Mare a Mare Sud, Corsica
The Mare a Mare, or sea to sea walk spans approximately 77 km, and takes an average of five days to complete. It starts in Porto-Vecchio in the southeast and ends at Propriano in the southwest. It is a relatively easy walk, with various highlights along the way, such as the archaeological sites of Castello de Capula and Castellu di Cucurazazu, the 11th century Romanesque church of Carbini and the church Saint Jean Baptiste near the village Poggio.
The Pilgrim’s Trail, Mont St. Michel
This 6.5km walk begins at Bec d’Andaine and heads across the sands to the island of Mont St. Michel, dominated by its famous Abbey. Religious pilgrims have walked this route since the Middle Ages, making it one of the oldest and most scenic walks in France. It takes approximately two hours and is only possible during low tide, with guided walks available.
Route Napoléon, Pyrénées-Atlantiques
The Camino de Santiago is the most important medieval pilgrimage route in Europe, ending at Santiago de Compostela in Spain, to where the tomb of Saint James the Apostle was relocated from the Holy Land. One of the most interesting and challenging sections is the Route Napoléon, an advanced 27km hike which begins in the Basque town of Saint-Jean Pied de Port, runs through the Pyrénées Mountains ascending around 700 meters, and ends in Spain at the village of Roncesvalles, where there is a pilgrims’ hostel and convent.
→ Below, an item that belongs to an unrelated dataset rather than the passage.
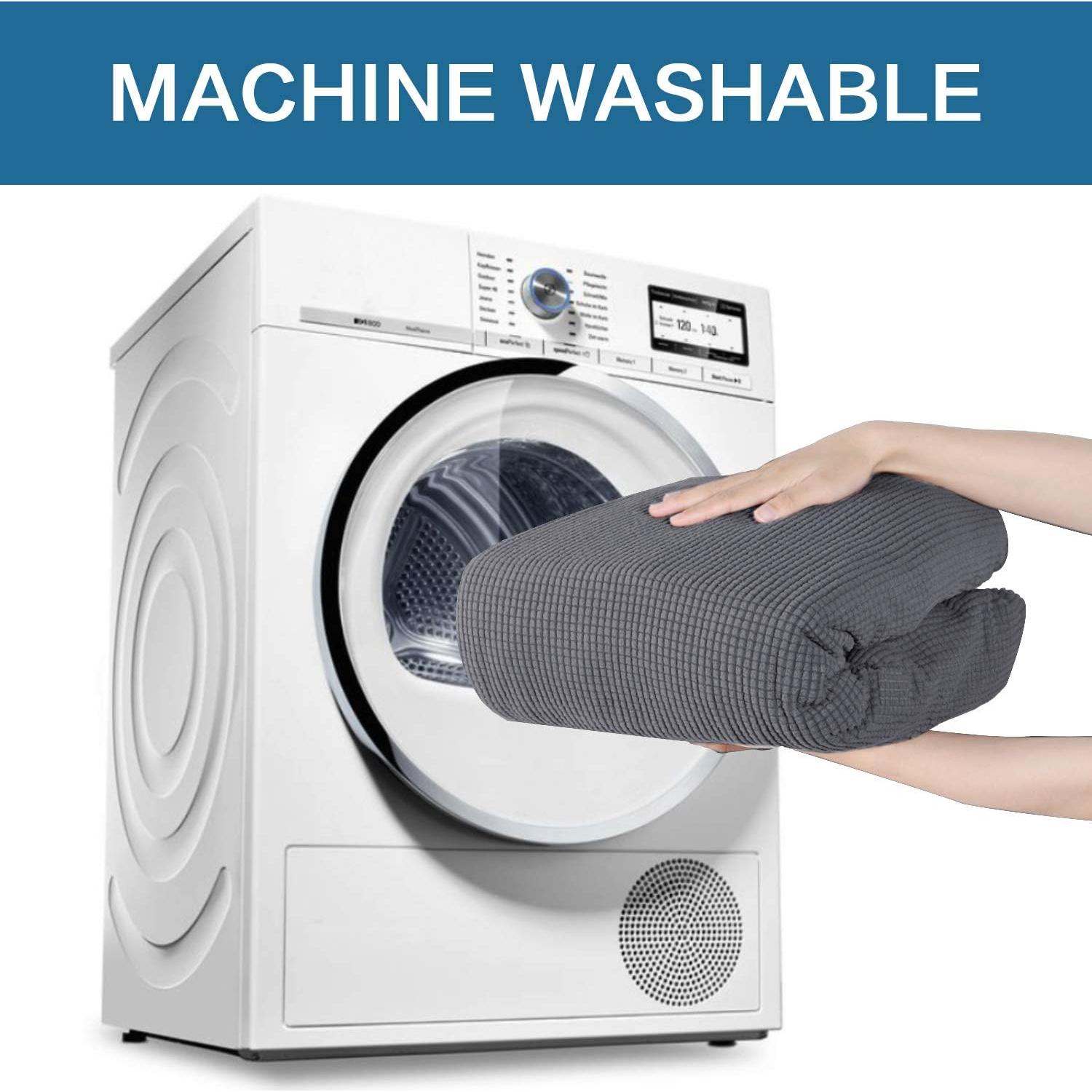 Funda de Sofá 2 Piezas H.VERSAILTEX Gris Carbón Ajuste Perfecto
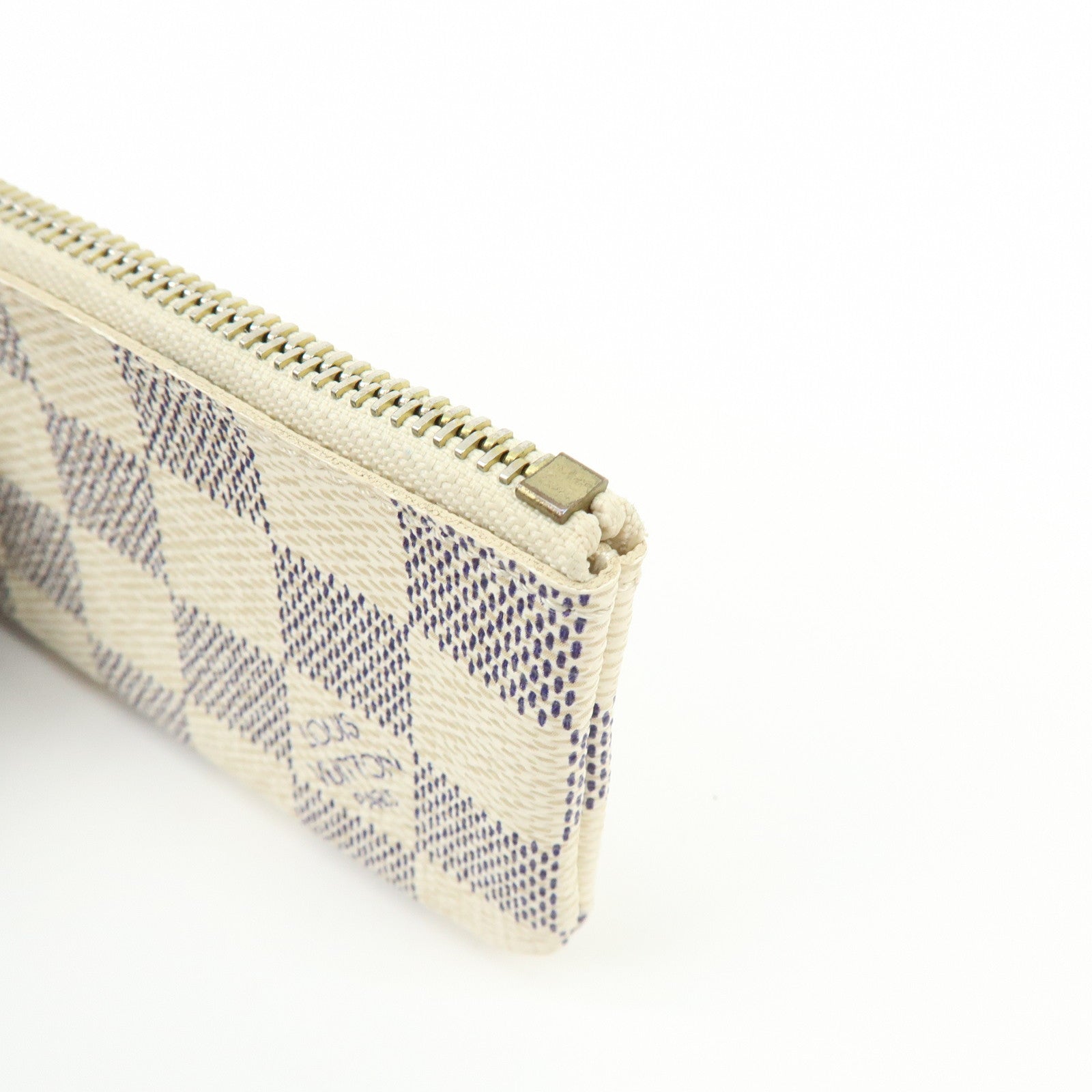 Louis Vuitton Damier Azur Pochette Cles Coin Case Key Case N62659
Verdon Gorge, Provence-Alpes-Cote-d’Azur
The Verdon Gorge is a river canyon of turquoise crystal clear water, surrounded by dramatic rocks and vegetation. It’s also one of the most versatile hikes in France, suitable for all levels of hikers.
One popular walk is the 16 km Martel trail, which crosses the dramatic canyon and descends steeply into the valley, passing picturesque swimming spots. It takes about six hours from start to finish, so completing the entire trail at once may not be possible unless you can arrange a car at the end of the trail.
The Dordogne Valley
A UNESCO biosphere reserve, the Dordogne Valley is recognised for its valleys of dramatic cliffs, thick oak and chestnut forests, caves, wild streams and arid plateaus, through which the Dordogne River meanders. Scattered throughout are medieval villages and castles, offering hearty food and history. Choose between short, circular walks or extensive hikes.